§ WHAT YOU WILL DO
Retype the records below exactly as given, but only from the first line through the line with "Modern public transportation", and without the pictures.

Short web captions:
[Start of section]

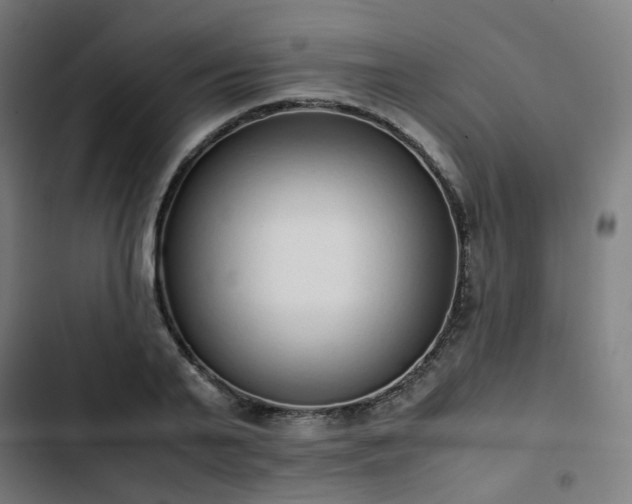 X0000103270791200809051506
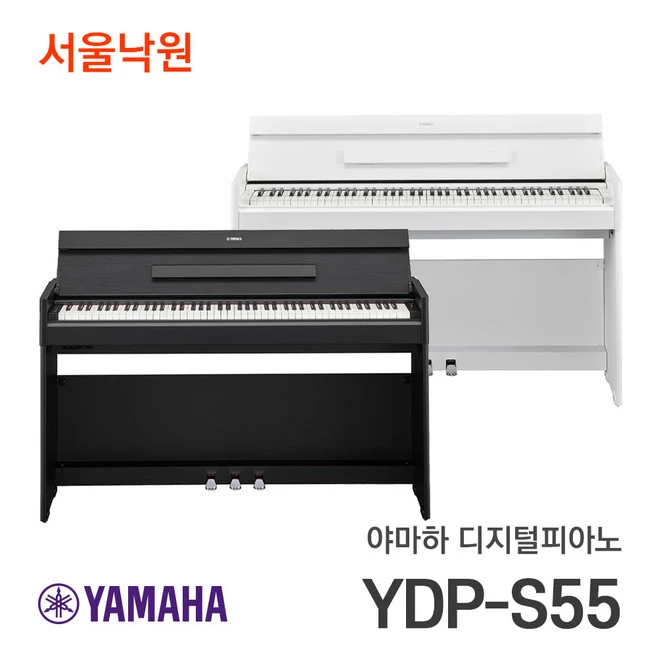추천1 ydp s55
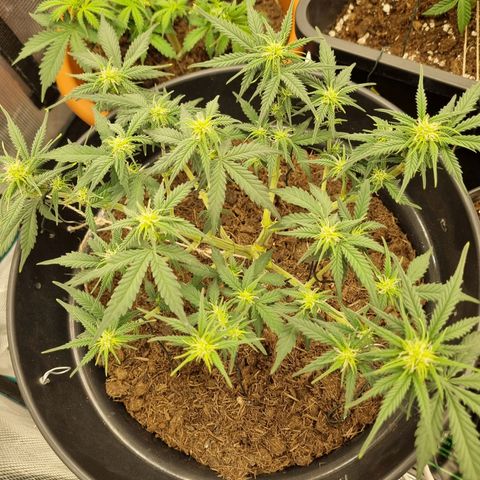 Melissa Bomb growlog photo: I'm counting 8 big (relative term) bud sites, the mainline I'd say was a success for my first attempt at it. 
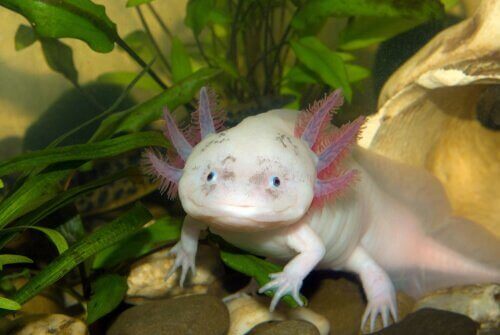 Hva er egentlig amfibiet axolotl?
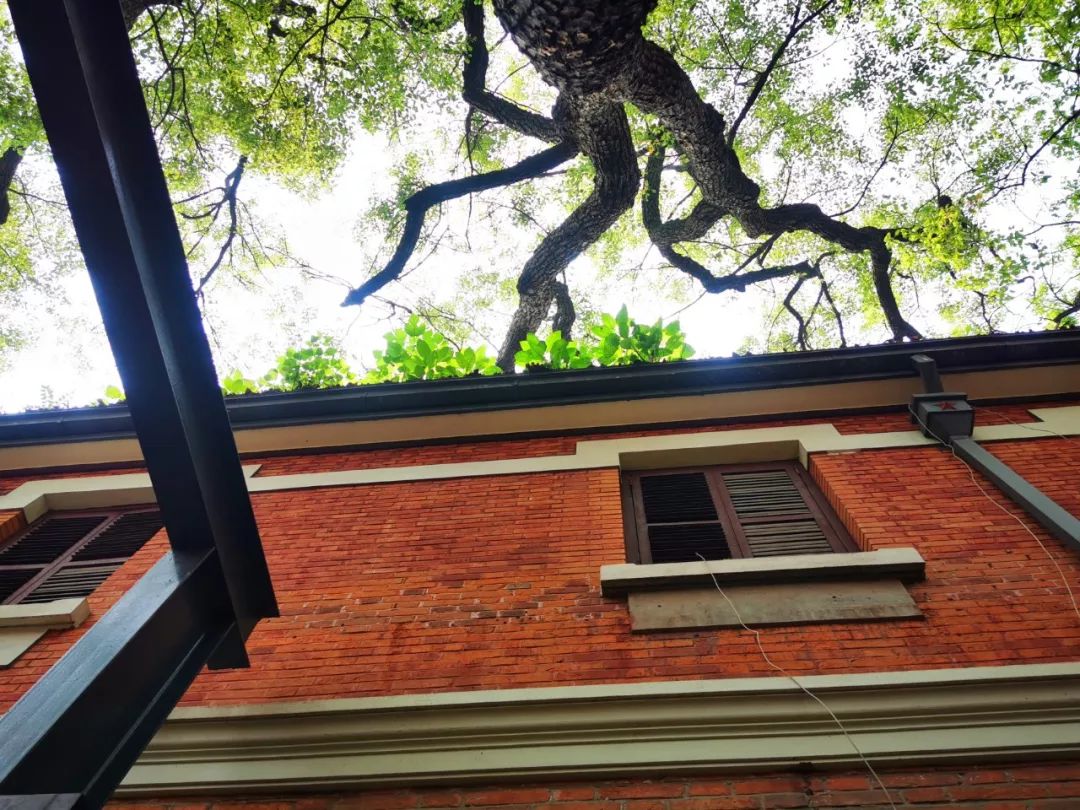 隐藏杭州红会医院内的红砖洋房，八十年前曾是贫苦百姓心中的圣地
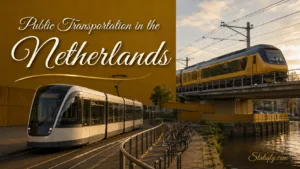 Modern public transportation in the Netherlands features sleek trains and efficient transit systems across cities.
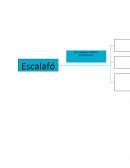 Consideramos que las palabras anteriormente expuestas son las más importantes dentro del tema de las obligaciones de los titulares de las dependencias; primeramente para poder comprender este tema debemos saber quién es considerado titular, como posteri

[End of section]

§ SOLUTION TO THIS PROBLEM
 X0000103270791200809051506
추천1 ydp s55
 Melissa Bomb growlog photo: I'm counting 8 big (relative term) bud sites, the mainline I'd say was a success for my first attempt at it. 
 Hva er egentlig amfibiet axolotl?
 隐藏杭州红会医院内的红砖洋房，八十年前曾是贫苦百姓心中的圣地
 Modern public transportation in the Netherlands features sleek trains and efficient transit systems across cities.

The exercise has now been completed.